Motorola’s goal is to increase productivity through the use of hands free computing devices. In October 2012 at the Association of the United States Army (AUSA) exposition, in Washington, D.C. Motorola unveiled the HC1 Headset Computer. It is designed to be a hands free enterprise mobile computer. The HC1 uses advanced voice recognition, head gestures and video streaming. It can access applications to view business documents, schematics and complex graphical data. The headset computer is intended to be used in harsh environments where you need your hands to work.

The HC1 uses Kopin Corporation’s optical micro display technology. This provides the wearer with a view that is equivalent with the size of a 15 inch laptop screen. The headset computer can connect through a local Wi-Fi, Bluetooth or mobile hotspot. The connection gives the HC1 access to data on remote networks. Through the use of an optional camera accessory, images and videos can be transmitted to a business center where they can be viewed by someone who can make a quick and accurate decision to resolve problems efficiently. 

Dr. Andrew G. Cook, senior vice president of Operational Excellence and Innovation at AREVA Inc., said, “In the highly demanding and regulated nuclear energy industry, innovation is essential in meeting ever-increasing standards for safety and operational performance for our utility customers. With the Entervise Remote Expert application running on Motorola’s HC1 headset computer, we can perform independent quality oversight at nuclear power plants without requiring a second person to enter restricted areas. With the HC1’s added camera functionality, our on-site technicians can enlist the support of our experts at the home office in real time to see exactly what is seen in the field and help them resolve conditions quickly and safely. We expect that the HC1 will provide us with measurable gains in productivity and efficiencies that will reduce radiation dose and operating costs.”

Motorola has several devices that are designed to help workers in warehouse environments. These are devices that can be worn on the wrist and fingers. The wearable product family gives workers mobile computing and scanning technology literally at their fingertips. Motorola has two devices that are worn on the fingers.

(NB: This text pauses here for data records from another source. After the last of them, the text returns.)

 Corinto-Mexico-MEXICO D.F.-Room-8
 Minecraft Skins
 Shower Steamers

The RS409 is a wearable ring scanner. You wear this unit on one finger, leaving both hands free to pick up or move packages. The RS409 uses the SE4500 imager. It features a powerful 624 MHz processor, fast sensor shutter speed and patent pending fast-pulse illumination laser like performance on 1D and 2D bar codes.

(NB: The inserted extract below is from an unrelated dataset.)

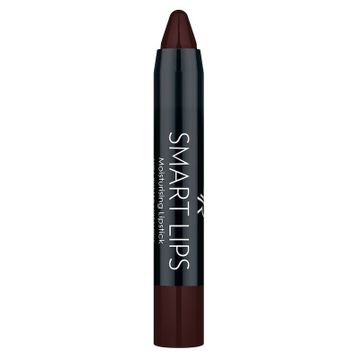 Golden Rose No:24 Smart Lips Moisturising Lipstick Asansörlü Kalem Ruj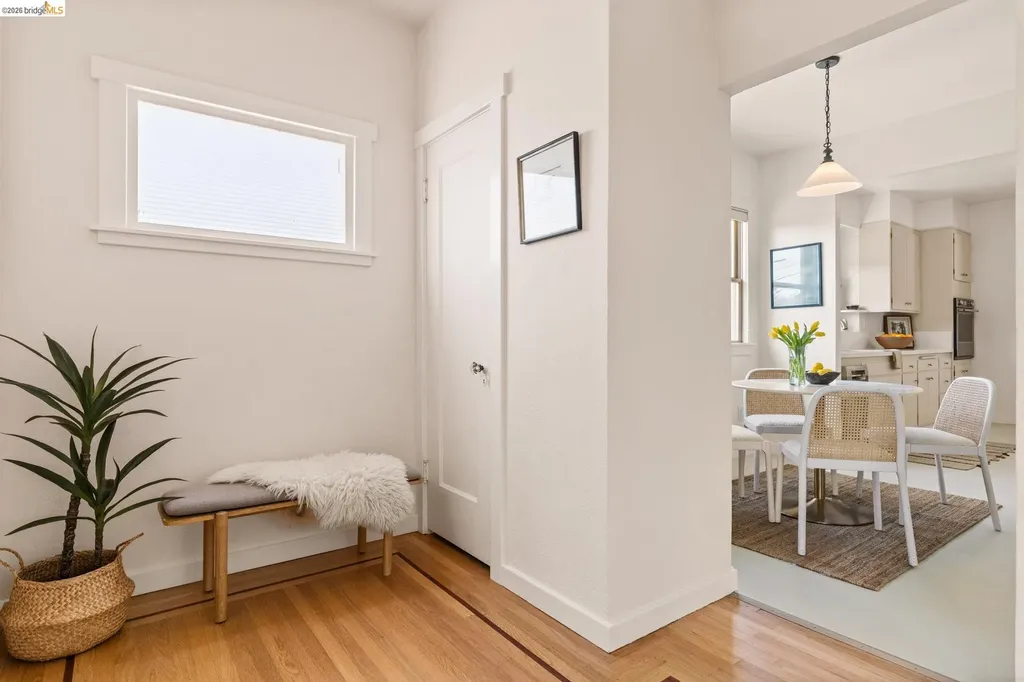 2434 Wilbur Street Oakland CA 94602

The RS507 is a hands free cordless imager. It is worn on two fingers. Both units are designed to be worn over gloves. The RS507 is a Bluetooth capable device. This unit also uses the SE4500 imager. It also has excellent motion tolerance that gives the user very fast and extremely accurate scanning speeds. A bright central dot is used to ensure quick scans even in bright daylight.

Moving up to slightly larger units, Motorola has the WT4000 wearable terminal. The WT41N0 is a hands free voice and data device. You can wear it either on your belt or your wrist. The RS409 can connect to this unit. It is an ambidextrous device as it can be worn on either wrist. It features a dual core processor; a mobile operating system that can take advantage of both processors, a Windows Embedded Compact 7, 2GB Flash memory and 802.11a/b/g/n support for connectivity to wireless networks.

Motorola is providing incredibly rugged and durable hands free devices. They can withstand extreme temperatures including functioning in a cooler or freezer. To complete the package the RCH51 is a cabled headset accessory that can connect to any of the WT4000 wearable terminals.